Si le défi consiste à s’épuiser juste pour montrer que l’on en est capable, je ne vois pas l’intérêt de ce type de proposition.

Valentin Belaud :
Je n’ai pas besoin de me rajouter des contraintes aux contraintes dans la vie de tous jours. On a surtout besoin d’acquérir des compétences. Et lorsque l’on a pu me dire : « aujourd’hui, c’est commando », je répondais par une boutade « non mais moi, je suis une Ferrari. J’ai besoin d’avoir la température idéale au moment où je le veux. »

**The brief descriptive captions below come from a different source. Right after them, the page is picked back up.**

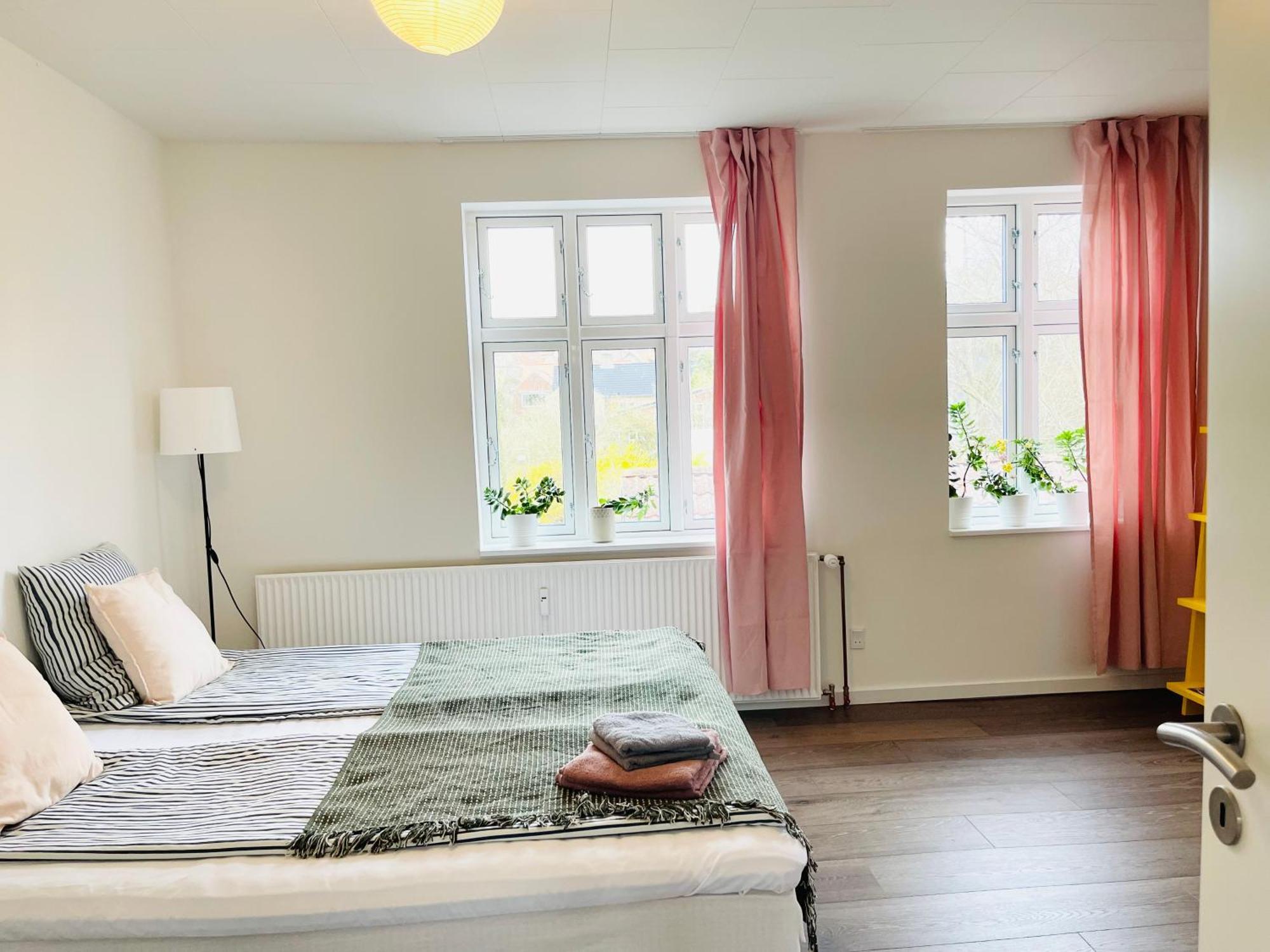 Scandinavian Apartment Hotel - Lunden 1 - Central 3 Bedroom Apartment On Two Floors ฮอร์เซินส์ ภายนอก รูปภาพ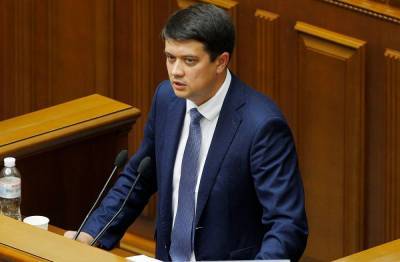 Дмитрий Разумков - Руслан Стефанчук - Владимир Фесенко - Это предупреждение Разумкову, – Фесенко о слухах касательно замены спикера - 24tv.ua - Новости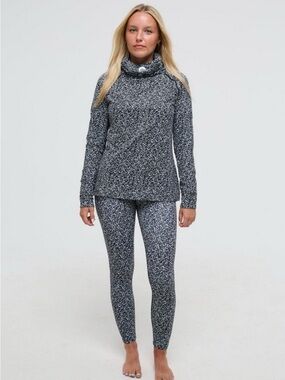 OOSC Base Layer Top with high neck
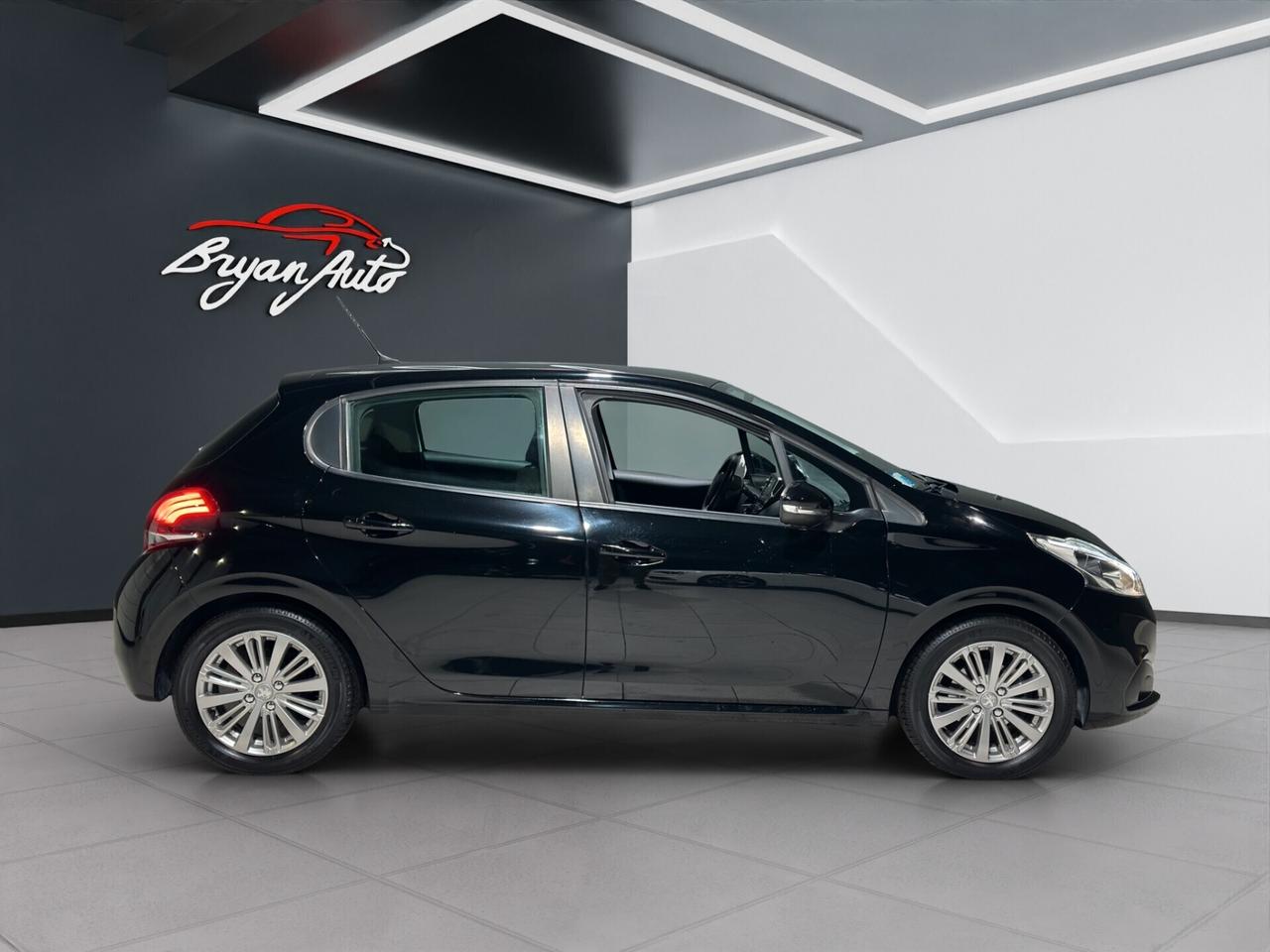 Peugeot 208 PureTech 82 5p. GPL Allure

Ni Ferrari, ni Diva. Il est probable que Valentin et Elodie aient pu, parfois, passer pour des rebelles en remettant en question certains propos, interventions ou choix stratégiques de leurs entraîneurs. D’autres ne se posent plus de question. Obéissants, ils suivent les directives. A la fois, acte de résistance et affirmation d’eux-mêmes. 

Elodie Clouvel : 
Quand l’entraîneur propose quelque chose qui sonne faux. Il faut dire : « Non là, ce n’est pas bon, on n’est pas en phase ». J’ai besoin d’être en phase. C’est une harmonie à trouver, quelque chose de l’ordre de la résonance. 

Valentin Belaud :
Pour chaque entraînement, je veux savoir. Si ce n’est pas clair, je ne fais pas l’entraînement. Je ne suis pas et ne veux pas être spécialiste, mais j’ai besoin de comprendre pour adhérer.
J’ai besoin d’un thème à mes séances : « C’est plaisir aujourd’hui »… Au début, même Sébastien n’était pas à l’aise avec ces notions. « Mais non, cela ne se fait pas en natation ». Eh bien pour moi oui. Je sais que lorsque j’arrive le vendredi fatigué et sans énergie, peu importe le contenu de la séance mais le mot c’est « plaisir » et on se met d’accord sur ce mot. C’est à partir de ce mot que la séance va se construire et tout va découler.

Elodie Clouvel : 
Pour nous ça change tout, on a fait cinq bornes, on est content, on est fatigué, on a le smile. Avoir pris du plaisir ne dit pas que nous n’avons pas travaillé.

Valentin Belaud :
On travaille tout le temps, on n’a pas besoin de se dire qu’on travaille, c’est bon !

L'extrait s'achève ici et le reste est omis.